### SUPPLIED INFORMATION:
*** Block opens ***
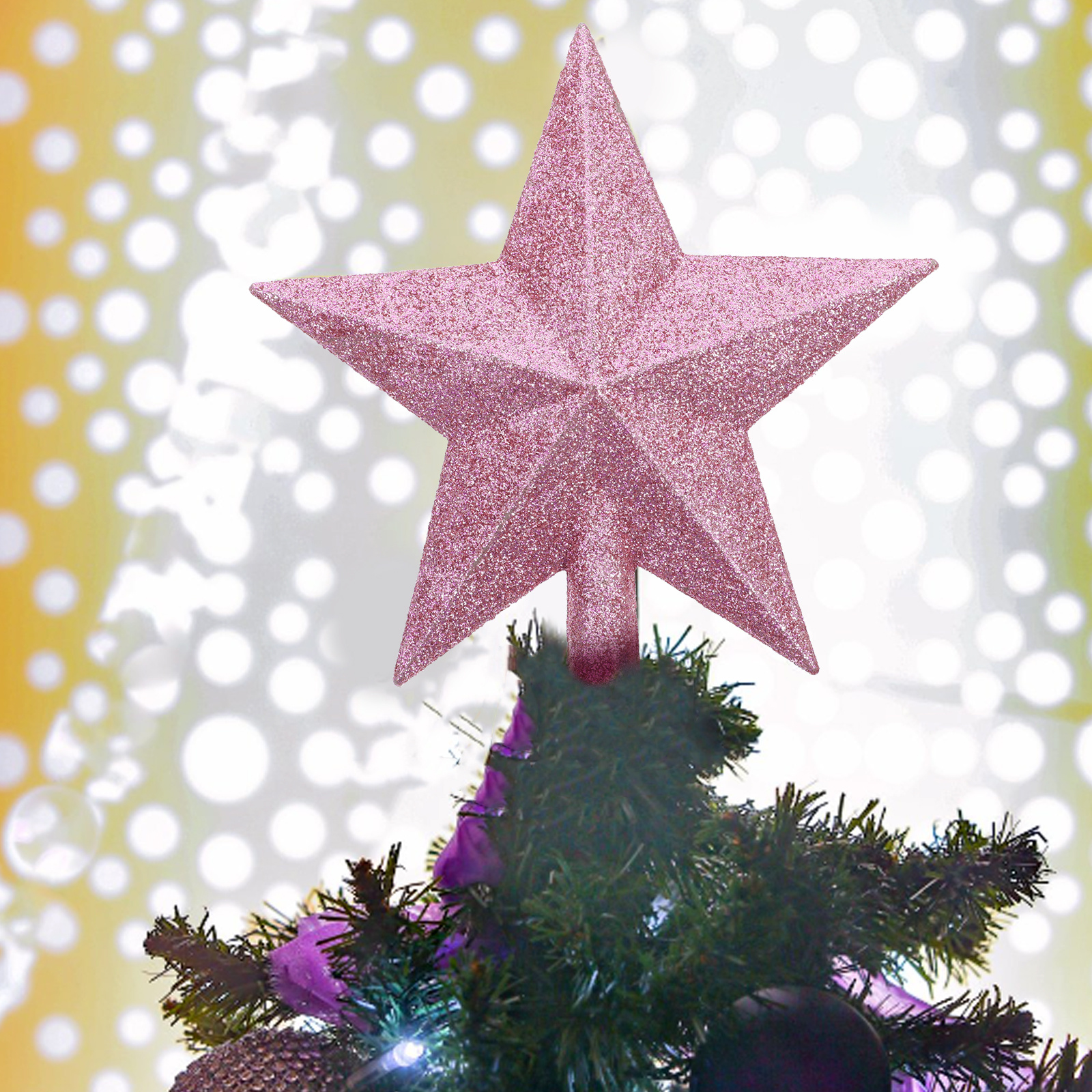 10Pcs Christmas Tree Star Topp - Star Tree Topper บทวิจารณ์และราคา
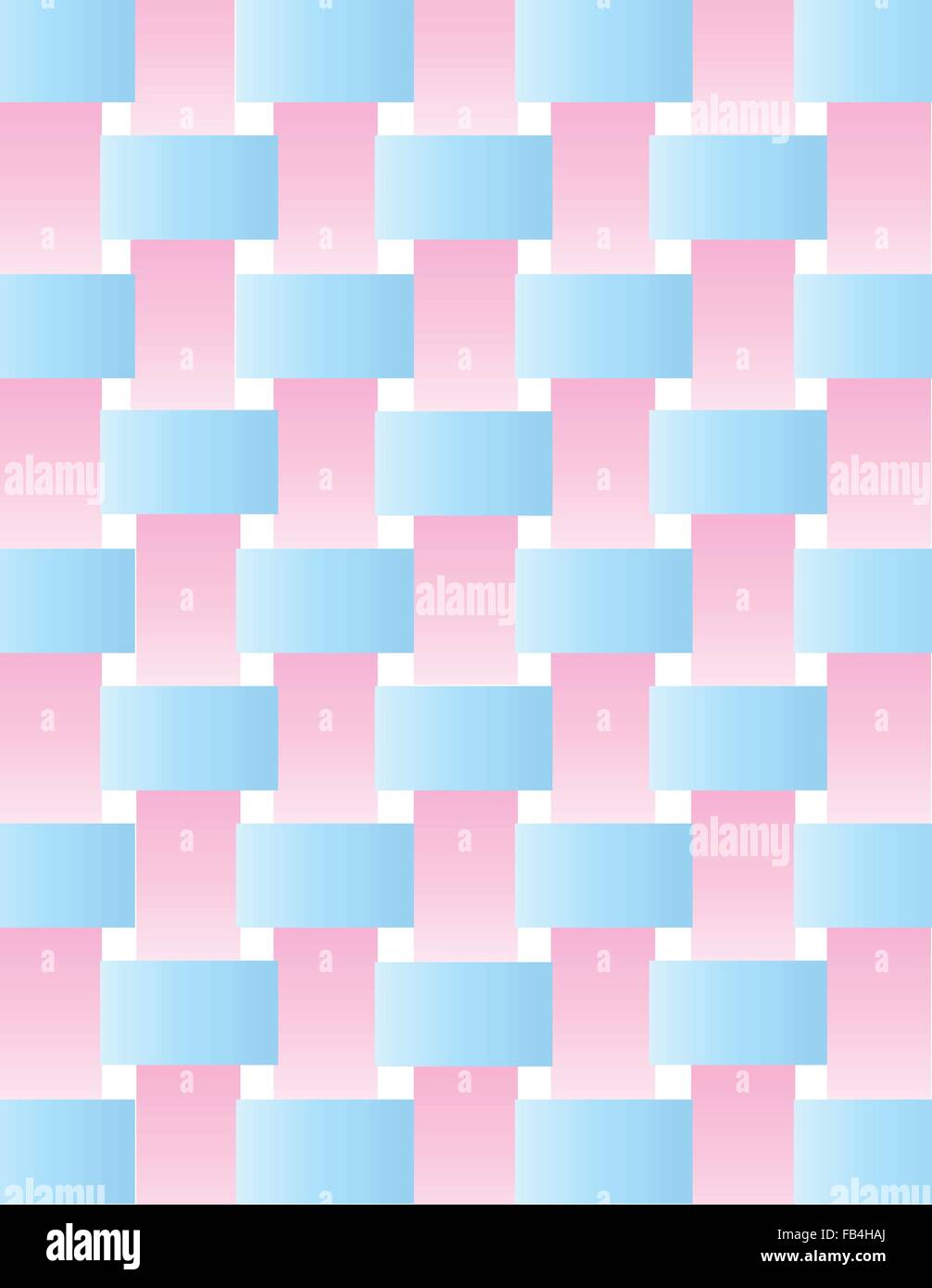 Dem Hintergrund einer Gitterwerk aus rosa und blauen Band auf weiß Stock Vektor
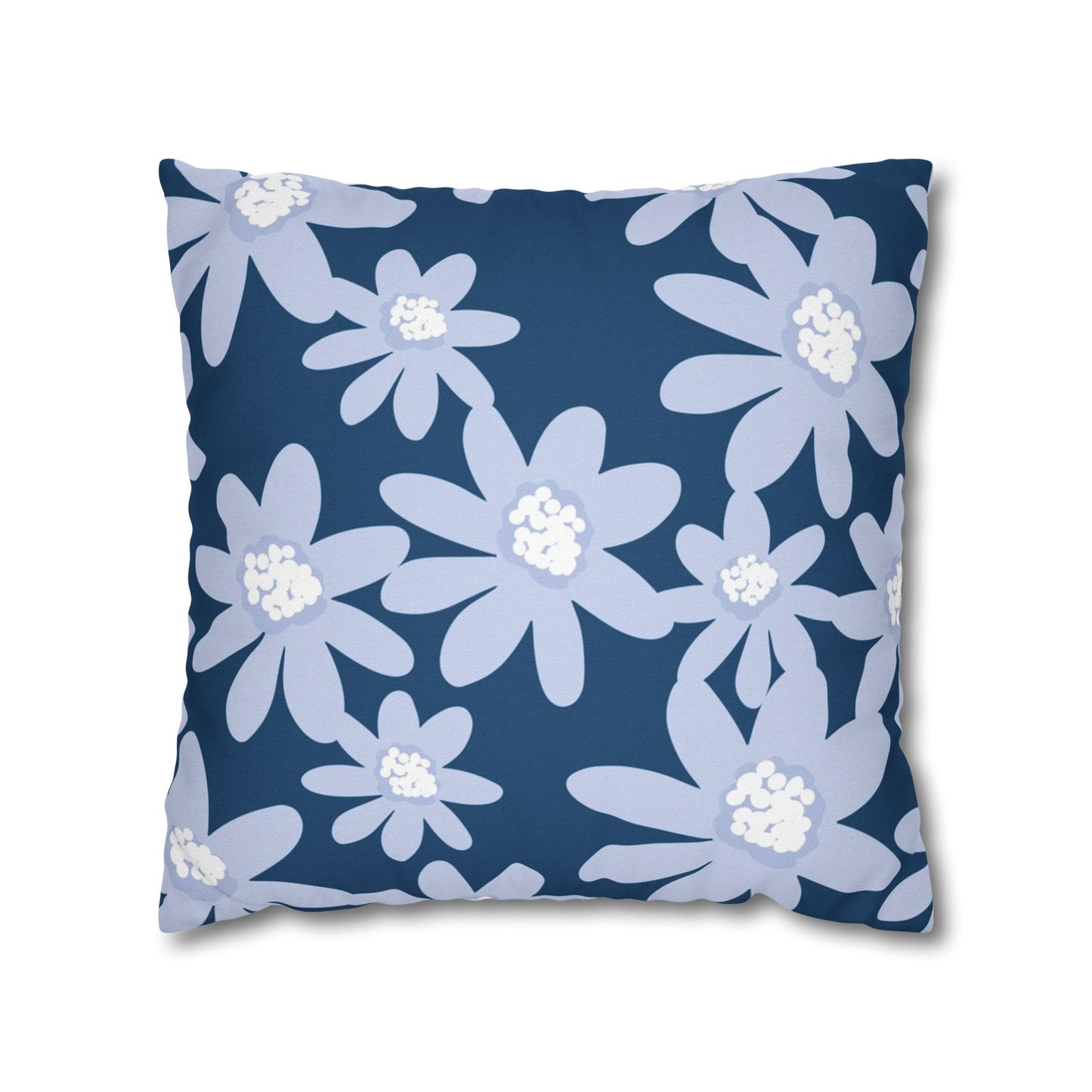 Floral Pattern Square Pillowcase - Cozy Home Decor, Flower Cushion Cover, Living Room Accent, Gift Idea, Spring Home Accessories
*** Block closes ***
### TASK INSTRUCTIONS:
Your answer should be every line above, written out exactly, with no pictures.

### PROBLEM SOLUTION:
 10Pcs Christmas Tree Star Topp - Star Tree Topper บทวิจารณ์และราคา
 Dem Hintergrund einer Gitterwerk aus rosa und blauen Band auf weiß Stock Vektor
 Floral Pattern Square Pillowcase - Cozy Home Decor, Flower Cushion Cover, Living Room Accent, Gift Idea, Spring Home Accessories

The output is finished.